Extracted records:

++++++++++

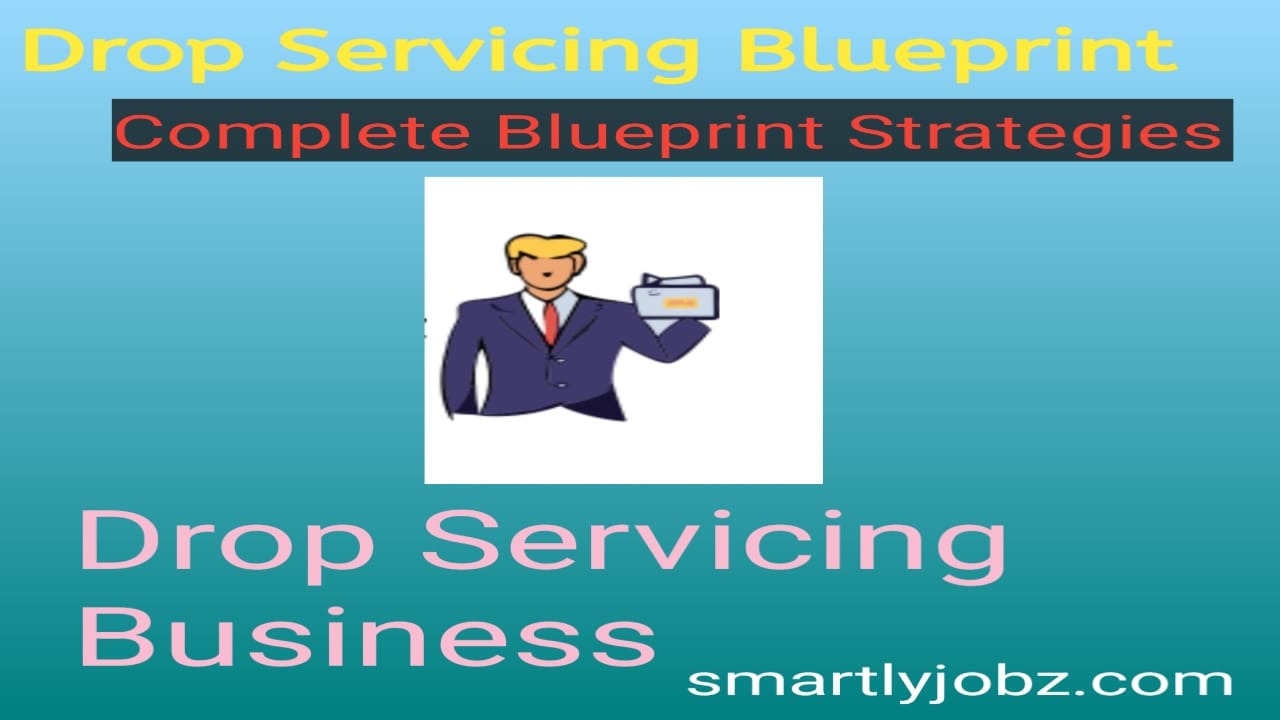 drop servicing blueprint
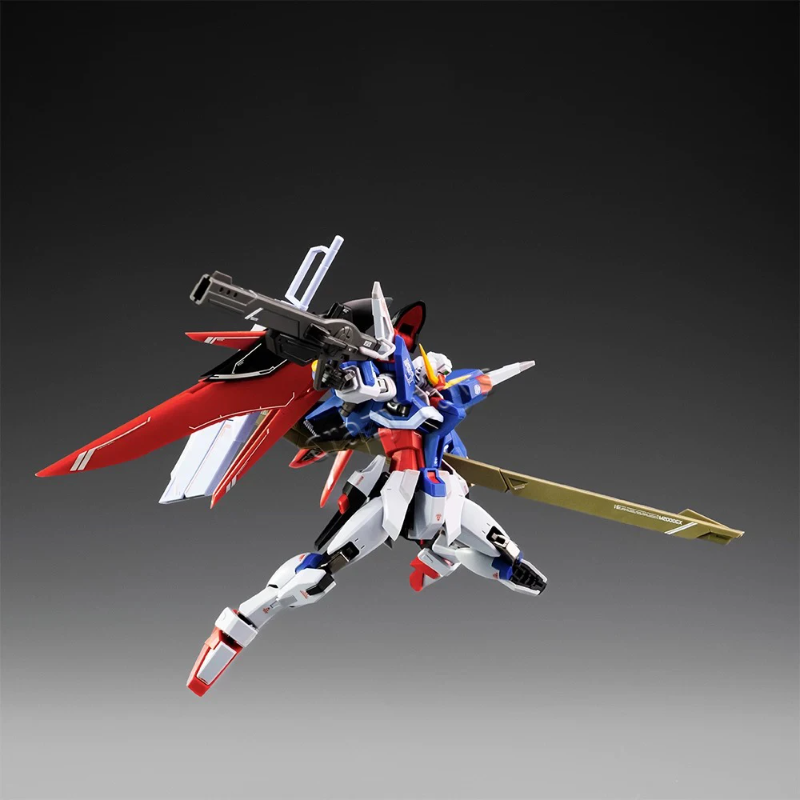 【Stokta mevcut】Angry Shinn Asu - Model Kit Zeus incelemesi ve fiyatı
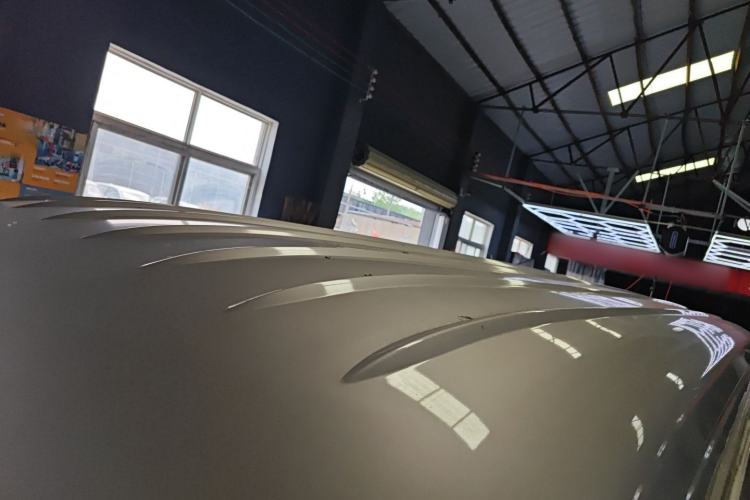 Used Jinbei Hiace X30 2020 1.5L Van Super-Enjoyment Model China VI Standard SWC15M Roof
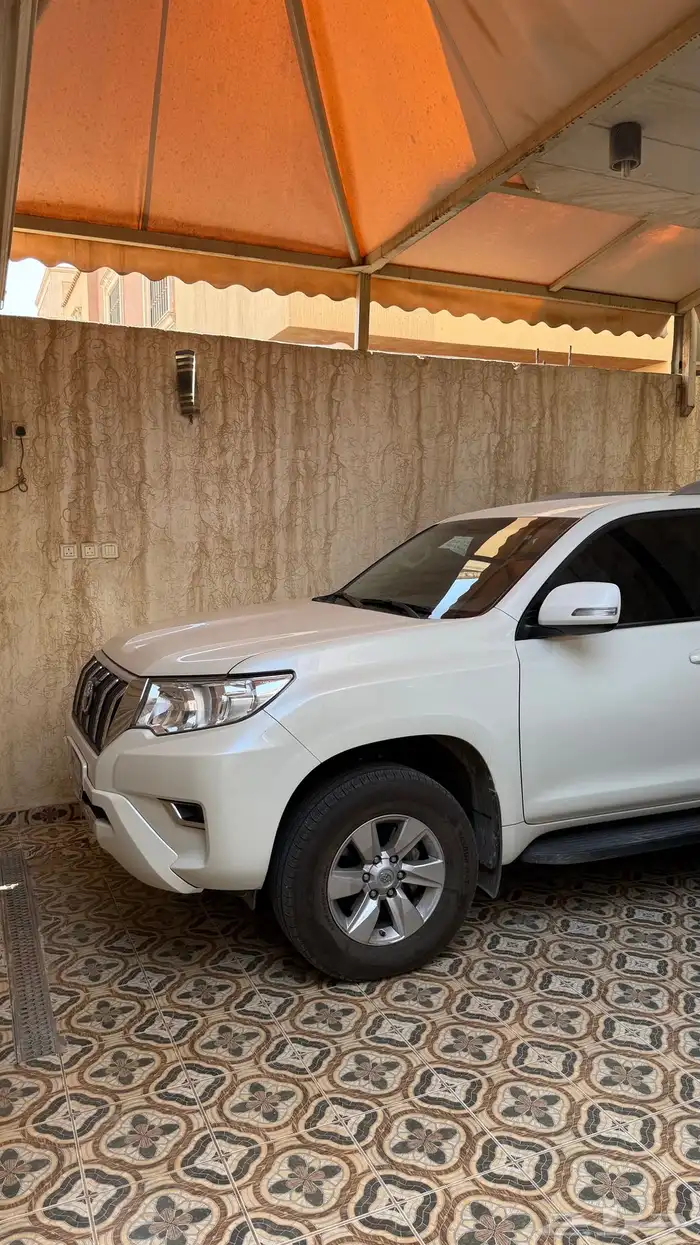 برادو ديزل 0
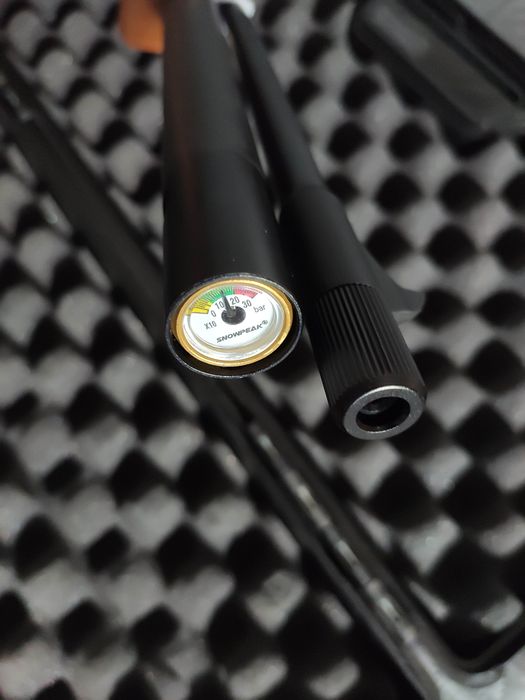 Snowpeak PP800R 4.5mm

++++++++++

> _How to complete this task_:
What is needed is an exact restatement of every line from the one containing "Used Jinbei Hiace" through the last line of the records, pictures left out.

> _Output of the task_:
 Used Jinbei Hiace X30 2020 1.5L Van Super-Enjoyment Model China VI Standard SWC15M Roof
 برادو ديزل 0
 Snowpeak PP800R 4.5mm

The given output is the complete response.